Tutto bene, quindi, almeno nel breve termine. Le incognite, secondo la maggior parte degli analisti, riguardano invece i prossimi due anni, il 2016 e il 2017, quando, si concentra la parte maggiore degli investimenti previsti dal piano industriale 2014-2018. Nei prossimi 12 mesi, in particolare, Fca ha in programma di destinare 11 miliardi per finanziare impianti, nuovi modelli e ricerca. Lo sviluppo di ciascuno dei cinque modelli annunciati dell’Alfa Romeo della nuova èra richiederebbe, per esempio, un miliardo di euro. Ecco perché, a dispetto dei reiterati annunci di rilancio del Biscione, Marchionne ha aspettato a lungo prima di presentare la Giulia, che farà la sua première all’imminente Salone di Francoforte. Somme rilevanti, a dir poco. A maggior ragione per un’azienda, già fortemente indebitata, che per il momento ha una redditività inferiore alla media dei concorrenti di mercato. È vero, Fiat Chrysler dispone di abbondante liquidità, oltre 20 miliardi, ma a fine luglio il direttore finanziario Richard Palmer ha precisato che la cassa è per un terzo destinata al pagamento di bond in scadenza.
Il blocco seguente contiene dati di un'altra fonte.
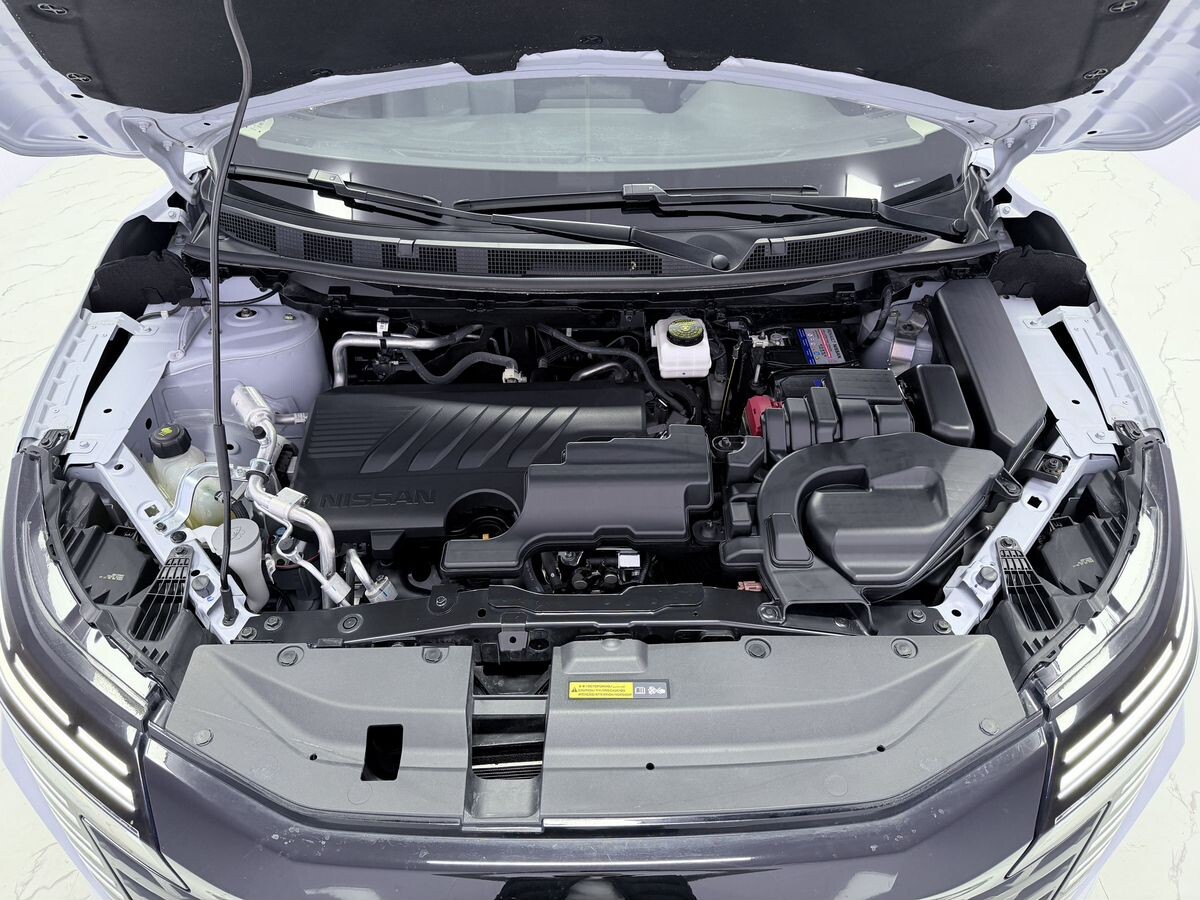 Nissan Qashqai 2024 - фото автомобиля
Questi numeri aiutano a comprendere perché mai Marchionne abbia tanta fretta di pilotare una fusione tra Fca e General Motors. Unire le forze, agganciarsi al treno di Gm, serve a risparmiare sulla gestione degli impianti, sugli enormi costi di sviluppo dei nuovi modelli, sulle spese di marketing.
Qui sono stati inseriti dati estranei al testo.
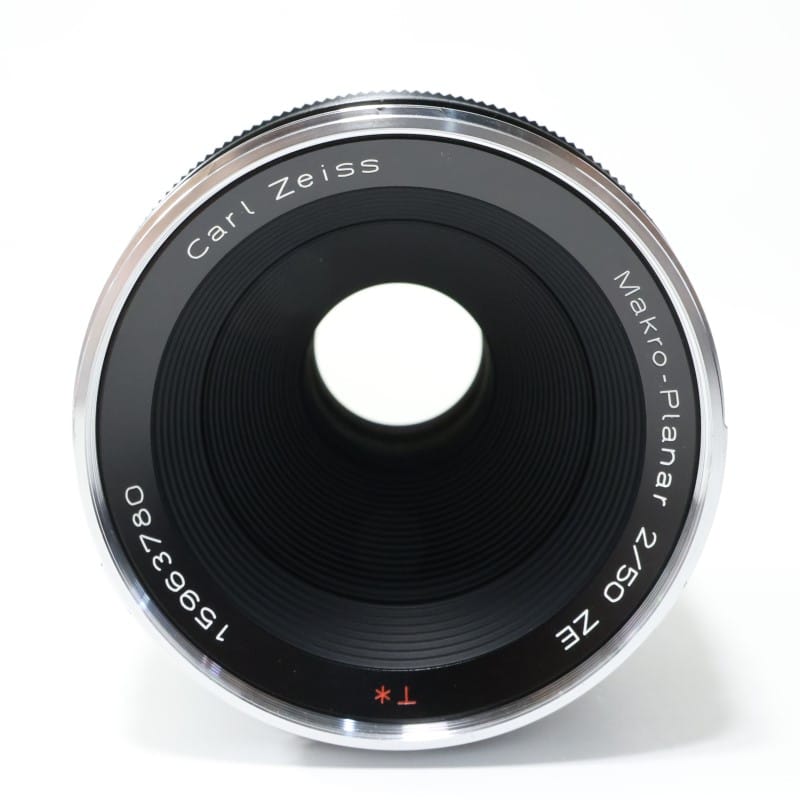 レンズ(単焦点) Carl zeiss Makro Planar T* 2/50 ZE Amazon | Carl Zeiss Makro-Planar T* 2/50 ZE (キャノンEF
Sotto il profilo industriale, il matrimonio con Gm non è probabilmente la scelta ideale. Ma Marchionne, in questi anni, ha esaltato il ruolo della tattica, facendola diventare più importante della strategia. Forse, l’abbraccio con costruttori giapponesi come Honda, Mitsubishi o Suzuki sarebbe migliore per riempire le tessere del mosaico globale in cui Fca è ancora sguarnita. Ma non si può trattare con i capitalisti del Sol Levante con lo stesso piglio anglosassone e la spiccata intonazione finanziaria con cui il leader del gruppo FiatChrysler si è rivolto agli azionisti di una public company tipicamente yankee come quelli della Gm. Tuttavia anche gli analisti più scettici sull’argomento non negano che esistano alcune promettenti sinergie tra i due gruppi. Prima di tutto sul fronte cinese, dove il generale Marchionne non ha mai davvero iniziato a combattere. Nonostante il rallentamento delle vendite, la Cina è destinata a rimanere il mercato più grande del pianeta. Fanno gola anche le piattaforme per le vetture più grandi su cui il colosso di Detroit ha lavorato parecchio e che sarebbero assai utili a Fca per spostare verso l’alto tutta la sua gamma.
Pare invece più difficile individuare gli ipotetici vantaggi dell’integrazione con Opel in Europa. La marca tedesca non è più quella del 2009, a suo tempo corteggiata con insistenza dalla Fiat. L’azienda di Stoccarda ha cambiato pelle perché Gm non s’è limitata a tenersela stretta, ma ha investito per farla salire di categoria, arricchendo la gamma con alcuni modelli di fascia più alta. In pratica Opel ha seguito la stessa strada indicata da Marchionne per Fiat. Un fatto, quest’ultimo, che spiega i dubbi degli esperti sugli esiti di una ipotetica integrazione. Eppure, tra gli analisti c’è anche chsostiene che, unendo brand impegnati nelle stesse aree e con vari modelli in competizione, si possa comunque estrarre del valore, conquistando quote di mercato ai danni della concorrenza. Marchionne tira dritto. E non ha dubbi. «Ho studiato impianto per impianto, prodotto per prodotto, area per area», ha detto nell’intervista di fine agosto ad “Automotive News”. Per poi concludere che le nozze con Gm avranno l’effetto di un «cataclisma», in senso positivo, ovviamente. Pochi gli credono, adesso. Ma gli scettici erano tantissimi anche quando Fiat s’imbarcò nell’avventura americana con Chrysler. Eppure, a sette anni di distanza, Marchionne è ancora lì, pronto a lanciare un’altra sfida impossibile.